**AIM OF THE TASK:** From the data underneath, reproduce exactly the stretch that begins at the line with "Digital png silhouette" and ends after the line with "Front Open Abaya".

Top of DATASET RECORDS

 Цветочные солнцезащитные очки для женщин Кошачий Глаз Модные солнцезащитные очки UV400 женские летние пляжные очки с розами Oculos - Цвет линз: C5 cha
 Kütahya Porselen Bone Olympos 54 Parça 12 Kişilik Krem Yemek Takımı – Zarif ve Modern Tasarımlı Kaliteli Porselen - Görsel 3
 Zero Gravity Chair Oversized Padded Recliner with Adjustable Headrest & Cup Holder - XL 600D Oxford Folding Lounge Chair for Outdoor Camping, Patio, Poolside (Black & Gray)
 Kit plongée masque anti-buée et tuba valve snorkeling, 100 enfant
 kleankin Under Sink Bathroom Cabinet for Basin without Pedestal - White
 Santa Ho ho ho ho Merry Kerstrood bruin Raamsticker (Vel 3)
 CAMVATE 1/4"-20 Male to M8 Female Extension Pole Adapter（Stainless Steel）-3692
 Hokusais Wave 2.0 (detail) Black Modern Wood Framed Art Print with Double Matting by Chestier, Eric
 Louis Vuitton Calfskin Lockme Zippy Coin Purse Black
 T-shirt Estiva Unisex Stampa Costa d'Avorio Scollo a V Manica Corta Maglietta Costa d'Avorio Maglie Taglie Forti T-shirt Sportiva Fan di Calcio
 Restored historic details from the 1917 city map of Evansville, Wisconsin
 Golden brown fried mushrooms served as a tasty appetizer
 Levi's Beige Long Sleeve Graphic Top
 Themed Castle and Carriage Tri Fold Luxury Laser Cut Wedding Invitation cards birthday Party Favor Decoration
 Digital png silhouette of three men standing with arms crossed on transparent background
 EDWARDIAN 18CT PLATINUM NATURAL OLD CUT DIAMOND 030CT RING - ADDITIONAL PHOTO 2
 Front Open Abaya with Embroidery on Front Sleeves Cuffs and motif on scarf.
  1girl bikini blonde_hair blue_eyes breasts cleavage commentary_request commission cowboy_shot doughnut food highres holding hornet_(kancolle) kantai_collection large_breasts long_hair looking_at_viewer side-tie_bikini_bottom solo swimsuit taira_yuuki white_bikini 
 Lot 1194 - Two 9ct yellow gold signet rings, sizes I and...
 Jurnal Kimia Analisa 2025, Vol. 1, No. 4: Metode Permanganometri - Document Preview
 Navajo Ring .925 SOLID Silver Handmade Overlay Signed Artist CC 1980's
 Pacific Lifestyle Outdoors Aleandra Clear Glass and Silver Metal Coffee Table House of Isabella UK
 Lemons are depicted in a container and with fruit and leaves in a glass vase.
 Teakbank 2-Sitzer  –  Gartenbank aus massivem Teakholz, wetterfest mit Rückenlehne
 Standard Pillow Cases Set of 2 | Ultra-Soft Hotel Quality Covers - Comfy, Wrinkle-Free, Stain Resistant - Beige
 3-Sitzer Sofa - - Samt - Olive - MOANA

Bottom of DATASET RECORDS

**WORKED SOLUTION:**
 Digital png silhouette of three men standing with arms crossed on transparent background
 EDWARDIAN 18CT PLATINUM NATURAL OLD CUT DIAMOND 030CT RING - ADDITIONAL PHOTO 2
 Front Open Abaya with Embroidery on Front Sleeves Cuffs and motif on scarf.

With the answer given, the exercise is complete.